When I looked into the subject, I came across:

These posts already contained some very insightful information. I understand that DOT is not really suitable for graphs with the amount of nodes that I currently have. However, I believe that the properties of the output of this layout engine are the best fit for the output graph layout I see as fitting for my project. When I tried to switch layout engines, to see if that would result in quick relieve, I didn’t get any immediate results (within few minutes), and ended up aborting the rendering process. I’m happy to return to evaluating more alternatives now, if guided that way.

As mentioned in the intro, rendering the .gv currently takes about 10 hours to complete on my machine (Intel Xeon E5-2687W v4 @ 3.00GHz). The majority of time is consumed in the “network simplex” phase.
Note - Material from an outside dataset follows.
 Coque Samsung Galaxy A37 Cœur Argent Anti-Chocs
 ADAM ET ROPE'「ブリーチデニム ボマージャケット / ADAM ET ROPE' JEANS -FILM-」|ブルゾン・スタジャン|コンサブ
I do not want to reduce the quality of the final output, just to make the process faster. I still want to end up with the most beautiful splines possible, and the least amount of crossings. As I also render the GV code itself, I am also free to approach the problems at any layer of the solution.

Feedback and guidance would be appreciated :slight_smile:

Fun prompt. First up, my actual advice: maybe shard your graph by year and then re-concatenate it?

But then let’s take this at face value. Why is it slow?

I ran this on my macbook pro M4 with dot installed from homebrew, profiling with GitHub - mstange/samply: Command-line sampling profiler for macOS, Linux, and Windows, cutting it off after 60 seconds:

$ dot --version
dot - graphviz version 13.1.0 (20250701.0955)
$ samply record --duration 60 dot ~/Downloads/universe.gv -Tsvg

I get this profile: Firefox Profiler. Width of bars corresponds to time.

It’s mostly dfs_enter_inedge or doing a depth first search. I try to remove recursion (right click on a frame and click collapse direct recursion) my browser hangs, lol. There’s so much recursion here that the profiler UI is struggling. At any rate, here’s dfs_enter_inedge: lib/common/ns.c · main · graphviz / graphviz · GitLab

1 Like

Interesting! I will look into that, and see if I can derive new actions. Thanks :slight_smile:

Regarding the years, I actually have a feature to “cluster years” (places all events in the same year into a cluster), which I had much fun with initially. However, this led me to issues that would cause dot to abort the rendering process due to internal issues, so I dropped playing with that idea a while ago. However, I understand that you’re suggesting something different, and I will need to think about if I can utilize that idea somehow. Thanks.

You are misusing the minlen attribute (minlen | Graphviz). Minlen should be an integer that expresses the number of ranks (not inches or pixels) between tail & head for a specific edge.
The result is that dot assigns 20703 ranks to the graph. This causes network simplex to run for as long as it does.
By removing all the minlen references, we get 1748 ranks.
And dot will complete in <3 minutes. Yea!
If you are not satisfied with the result without minlen, we can probably help.

p.s. Cool graph
p.p.s. I was in college in 1969.

1 Like

You’re definitely right in that I apparently misunderstood how to use minlen. I will have to tinker a bit to readjust my understanding of things.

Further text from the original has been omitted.